Splunk Inc., San Francisco, California, USA.
Department of Biostatistics, University of Michigan, Ann Arbor, Michigan, USA.
Stat Med. 2022 Mar 30;41(7):1242-1262. doi: 10.1002/sim.9267. Epub 2021 Nov 23.
Jointly analyzing transcriptomic data and the existing biological networks can yield more robust and informative feature selection results, as well as better understanding of the biological mechanisms. Selecting and classifying node features over genome-scale networks has become increasingly important in genomic biology and genomic medicine. Existing methods have some critical drawbacks. The first is they do not allow flexible modeling of different subtypes of selected nodes. The second is they ignore nodes with missing values, very likely to increase bias in estimation. To address these limitations, we propose a general modeling framework for Bayesian node classification (BNC) with missing values. A new prior model is developed for the class indicators incorporating the network structure. For posterior computation, we resort to the Swendsen-Wang algorithm for efficiently updating class indicators. BNC can naturally handle missing values in the Bayesian modeling framework, which improves the node classification accuracy and reduces the bias in estimating gene effects. We demonstrate the advantages of our methods via extensive simulation studies and the analysis of the cutaneous melanoma dataset from The Cancer Genome Atlas.
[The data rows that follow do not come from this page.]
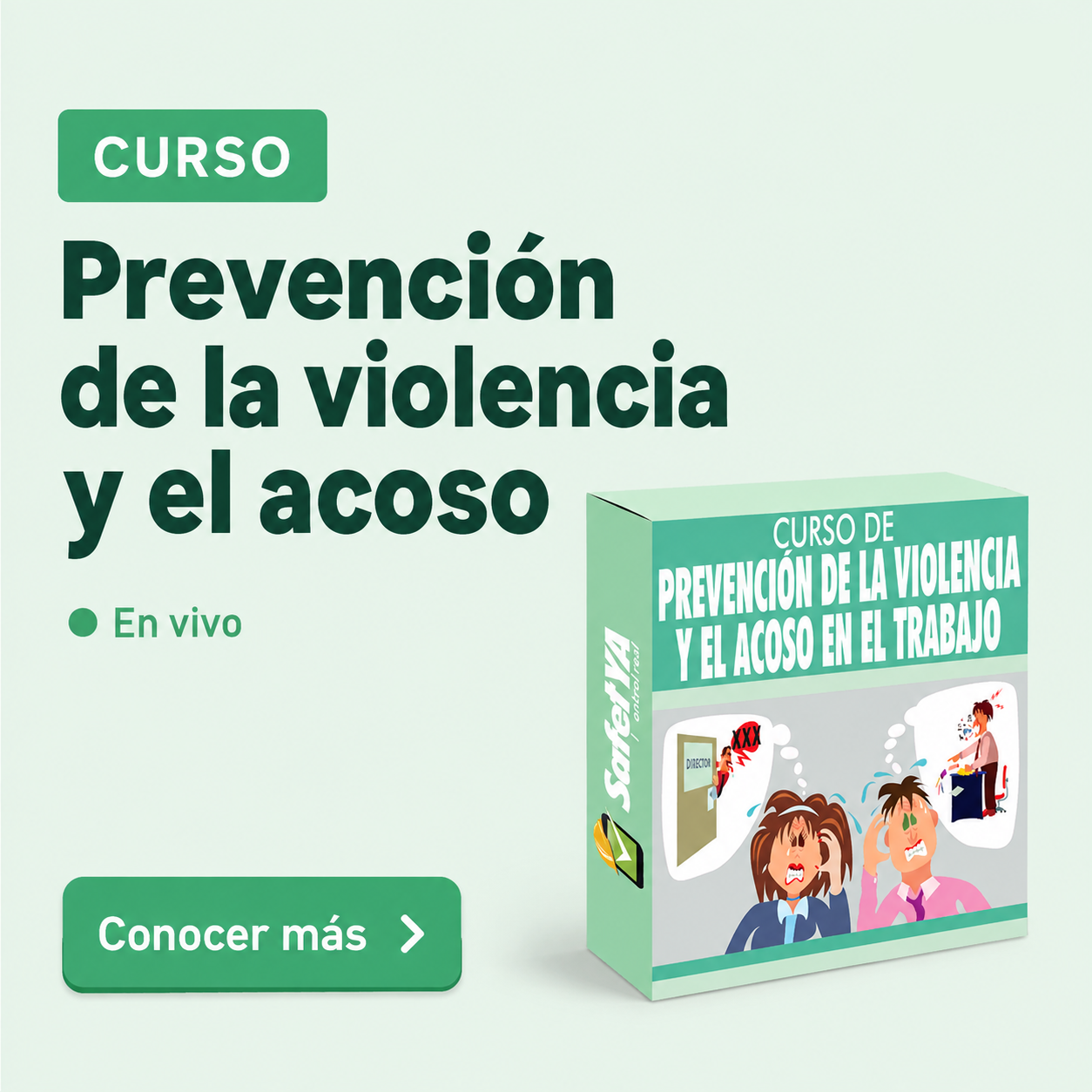 Curso de prevención de la violencia y el acoso en el trabajo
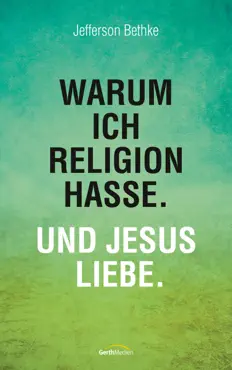 warum ich religion hasse. und jesus liebe. book cover image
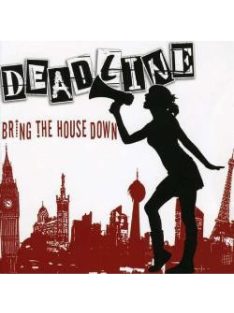 Deadline  – Bring The House Down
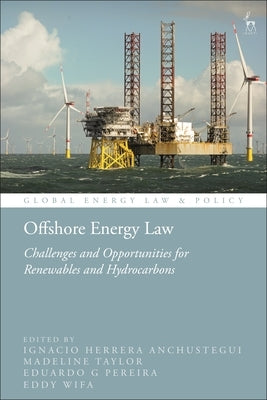 Offshore Energy Law: Challenges and Opportunities for Renewables and Hydrocarbons by Anchustegui, Ignacio Herrera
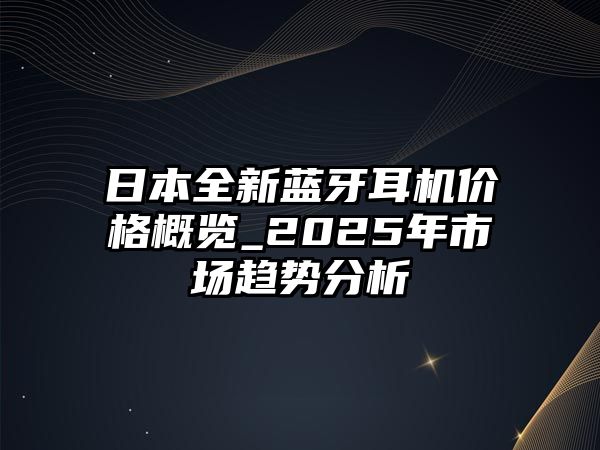 日本全新藍(lán)牙耳機價格概覽_2025年市場趨勢分析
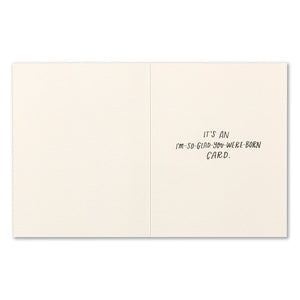 THIS ISN’T A BIRTHDAY CARD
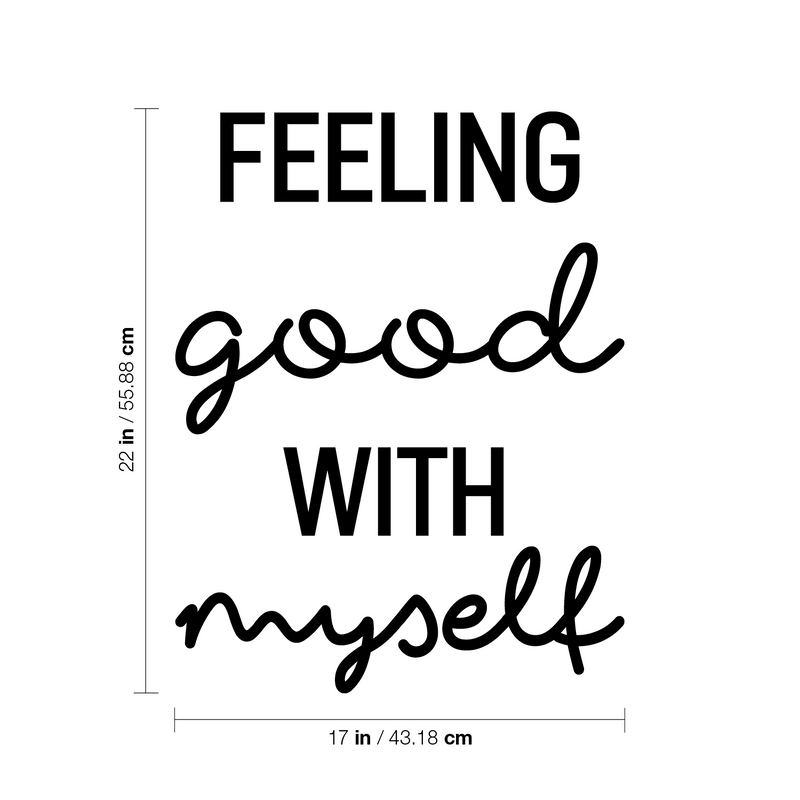 Vinyl Wall Art Decal - Feeling Good With Myself - 22" x 17" - Modern Motivational Positive Self Love Quote Sticker For Bedroom Closet Home Office Living Room Bathroom Decor 4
联合分析转录组数据和现有的生物网络可以产生更稳健和信息丰富的特征选择结果,并更好地理解生物学机制。在基因组生物学和基因组医学中,对全基因组网络上的节点特征进行选择和分类变得越来越重要。现有的方法存在一些关键的缺点。第一个缺点是,它们不允许对所选节点的不同亚型进行灵活建模。第二个缺点是,它们忽略了具有缺失值的节点,这很可能会增加估计的偏差。为了解决这些局限性,我们提出了一种带有缺失值的贝叶斯节点分类(BNC)的通用建模框架。为了整合网络结构,我们为类别指标开发了一个新的先验模型。对于后验计算,我们求助于 Swendsen-Wang 算法来有效地更新类别指标。BNC 可以在贝叶斯建模框架中自然地处理缺失值,从而提高节点分类的准确性,并减少估计基因效应的偏差。我们通过广泛的模拟研究和对来自癌症基因组图谱的皮肤黑色素瘤数据集的分析,展示了我们方法的优势。